*Supplied data*
----
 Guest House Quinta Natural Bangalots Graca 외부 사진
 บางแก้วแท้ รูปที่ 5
----
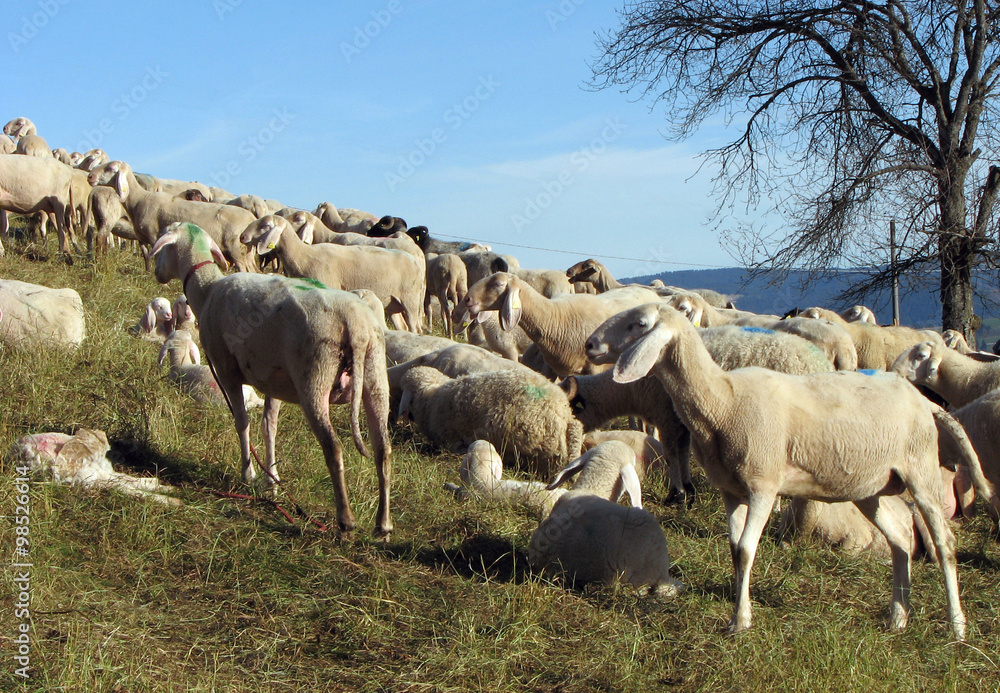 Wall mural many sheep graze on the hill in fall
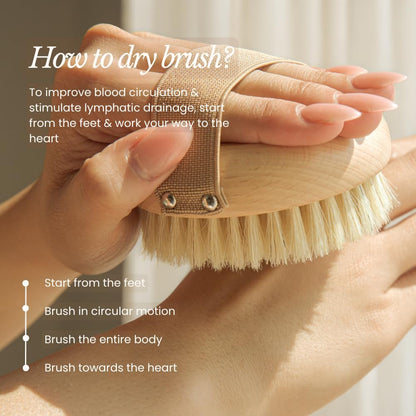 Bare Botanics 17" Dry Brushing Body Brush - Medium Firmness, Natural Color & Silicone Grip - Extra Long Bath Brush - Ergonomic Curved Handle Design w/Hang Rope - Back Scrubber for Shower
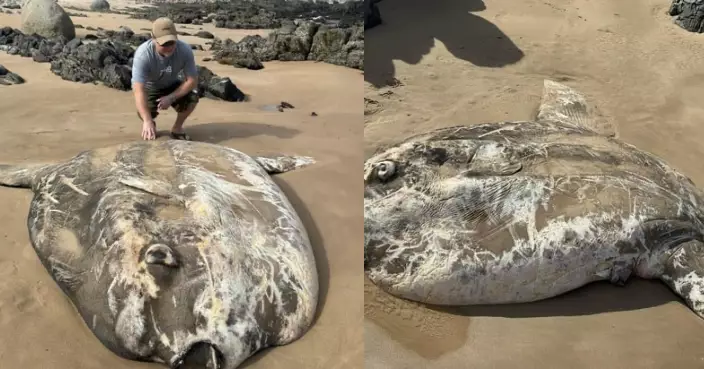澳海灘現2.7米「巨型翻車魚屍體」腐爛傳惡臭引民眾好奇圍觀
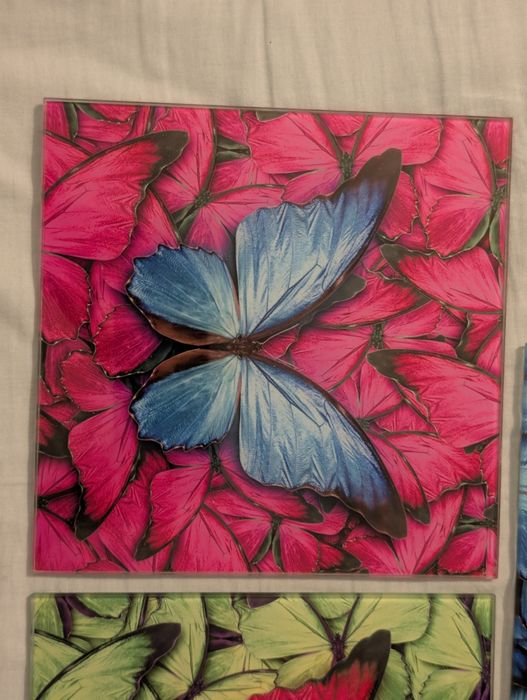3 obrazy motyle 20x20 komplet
----
*Work required*
An exact, complete copy of the lines above from the one with "Guest House Quinta" through the one with "บางแก้วแท้ รูปที่ 5" is the whole answer.

*Solution to this problem*
 Guest House Quinta Natural Bangalots Graca 외부 사진
 บางแก้วแท้ รูปที่ 5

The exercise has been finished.